If you are a long-time Thor comic book reader, you know Thor's hammer used to be really, really heavy. That means Thor used to be really, really strong. 

Somewhere along the way Big Hulk lobbyists decided that the green guy should be the strongest character in Marvel comics,so writers gave him both virtually unlimited strength and decided that Thor's hammer, the creatively-named Mjolnir (doesn't it just sound like Norse should sound?) was magic, and that is why only he could lift it.  He wasn't the strongest guy around any more, which left it with being supernatural, kind of a cop-out even to me as a kid.

Science 2.0 fave Dr. Neil Tyson recently tried to bring back the 'Thor is really strong' concept by stating "If Thor's hammer is made of neutron-star matter, implied by legend, then it weighs as much as a herd of 300-billion elephants" which means only someone really strong could lift it. Of course, it also means it would be changing Earth's gravitational field just sitting there but the really strong Thor part is what is worth thinking about.  Finally, in 2013, can we get out of the supernatural hammer business and back into the reality-based community?

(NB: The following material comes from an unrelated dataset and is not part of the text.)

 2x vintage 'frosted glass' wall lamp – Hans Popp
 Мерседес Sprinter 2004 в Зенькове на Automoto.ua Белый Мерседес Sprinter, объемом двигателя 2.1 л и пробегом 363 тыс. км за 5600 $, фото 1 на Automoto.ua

He cited a neutron star state of matter and that is what remains of a dead star after a supernova is done killing Romulus or whatever all supernovae have been blamed for.  It's incredibly dense, because its protons and electrons have been crushed together by unreal levels of gravity and those proton-electron pairs have become neutrons(1). After that happens, we're left with a dead object the size of Chicago that still has more mass than our Sun - for comparison, if I wanted to lift neutron star material equivalent to the sugar I just put in my coffee, my spoon would have to be able to lift a 100 million tons - basically, I have to be strong enough to lift a mountain.

So Tyson was right, Thor's hammer was once heavy - so heavy it took an atomic-powered machine to lift it - it still leaves something of a materials mystery. 



There's not a lot of science in Thor, it is comic book lore and that has changed over time, including eventually making the hammer of Thor so magical a guy in issue #302 lifted it using his brain.  Bonus: he was a math nerd and his brain was able to make geometry real.



But in simpler Thor days, it was really heavy (yet still outside gravitational and inertial mass) (2), though by 1991, as Matt Shipman from NC State notes, a Marvel trading card locked down its measurements and stated that Mjolnir weighed precisely 42.3 pounds. 



Uru, like mjolnir, is entirely fictional. Neil can be forgiven for not remembering that it was forged in the heart of a dying star, not from one - he was off getting a PhD when I was reading all those comic books - but 23 inches, as Shipman notes, brings up a different issue, and that may be a clue that Tyson knew a lot more than he  was letting on. What must this Uru metal be, to have enough of a wallop to deck Iron Man yet be in such a small form factor?  For one hypothesis, you have to go read his article.

If it is not a hypothetical metal, we have one final possibility: Since we can all lift 42 lbs. it may be that Dr. Tyson knows something that we do not know about the true nature of mjolnir.  Has he solved a special quantum state for that mallet wherein since Dr. Don Blake was worthy, it was only 42 lbs., or even as light as a cane, but for regular people it is 2.4 trillion tons yet still outside the rules of gravitational and inertial mass? 

Probably. He's a pretty smart guy.

H/T Glendon Mellow

(1) Read more on the neutron star state

(2) What else is from a much simpler time?  Travel. Thor passed through our year 2013 way back in 1962, when he battled Zarrko the Tomorrow Man, who went back to the '60s to steal a 'cobalt bomb' because in the future no one had weapons and so he was easily able to make himself the ruler of the world.  





Thus, if we let social authoritarians ban guns we run the risk of a time traveler from the future going to the past and stealing a powerful bomb and using it to lord it over us.  Ban our sodas and styrofoams Big Brother, but not our 200-round magazines!